TASK INSTRUCTIONS: Reproduce the full listing below exactly. Do not include the pictures.

DATA:
•••••
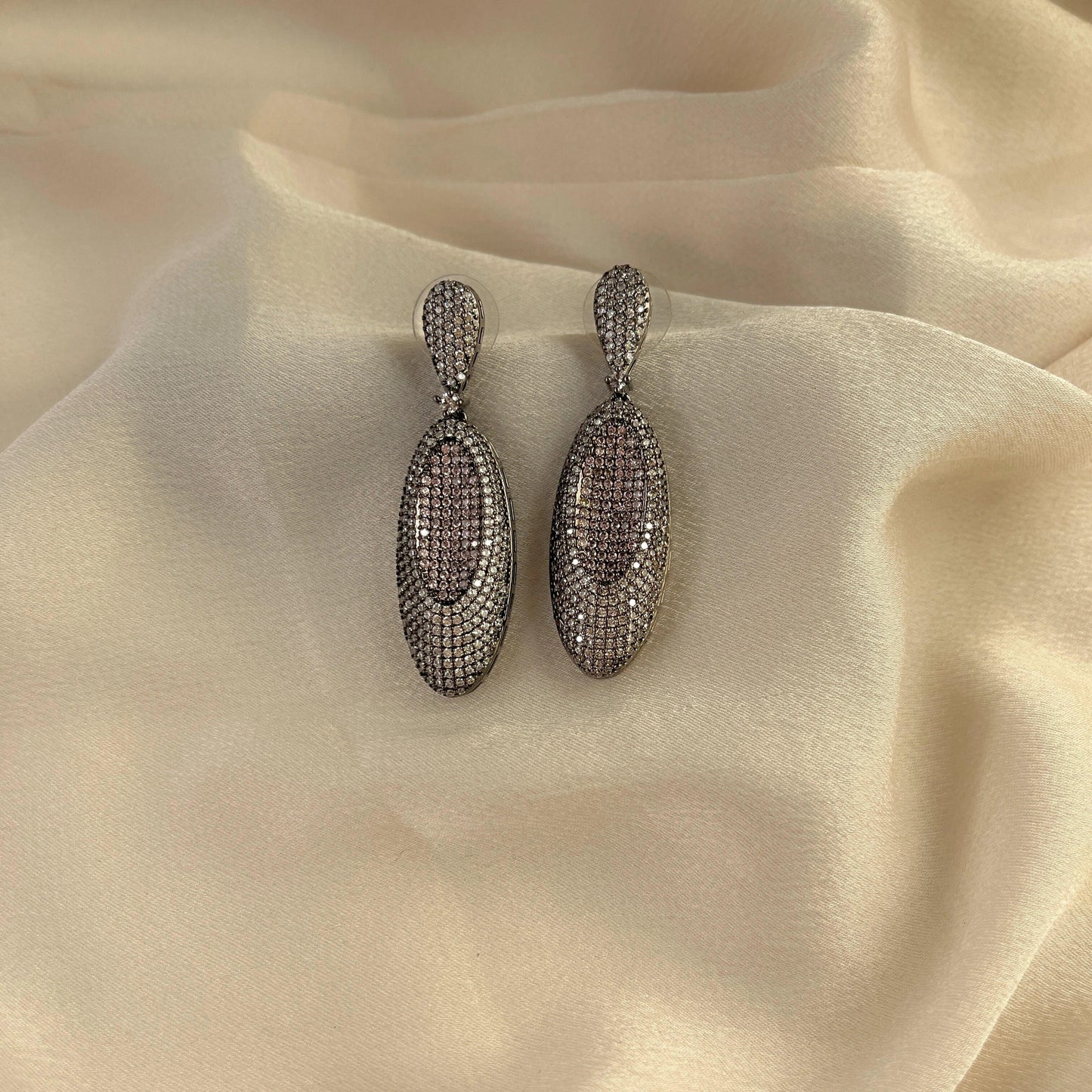 Silver Plated Cubic Zirconia Earrings-10010 - Jewelit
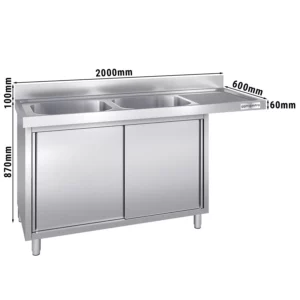 Drezová skrinka k umývačke riadu 2000x600mm - s 2 umývadlami vľavo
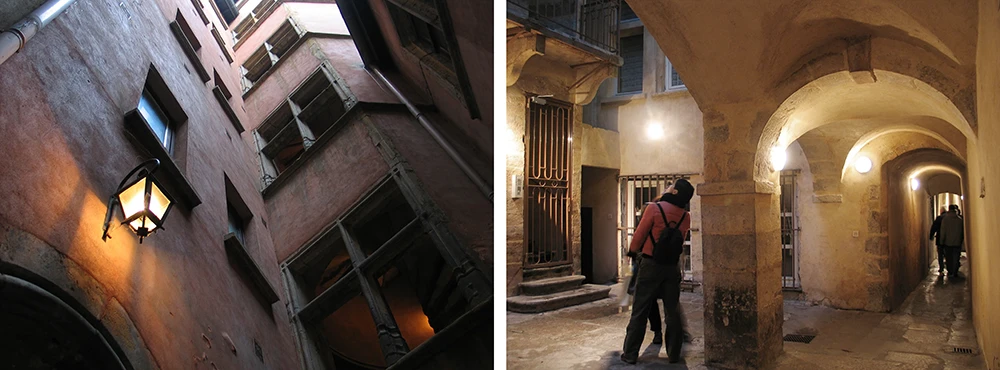 Vaulted traboule passage in Lyon leading through to an inner courtyard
•••••
TASK ANSWER:
 Silver Plated Cubic Zirconia Earrings-10010 - Jewelit
 Drezová skrinka k umývačke riadu 2000x600mm - s 2 umývadlami vľavo
 Vaulted traboule passage in Lyon leading through to an inner courtyard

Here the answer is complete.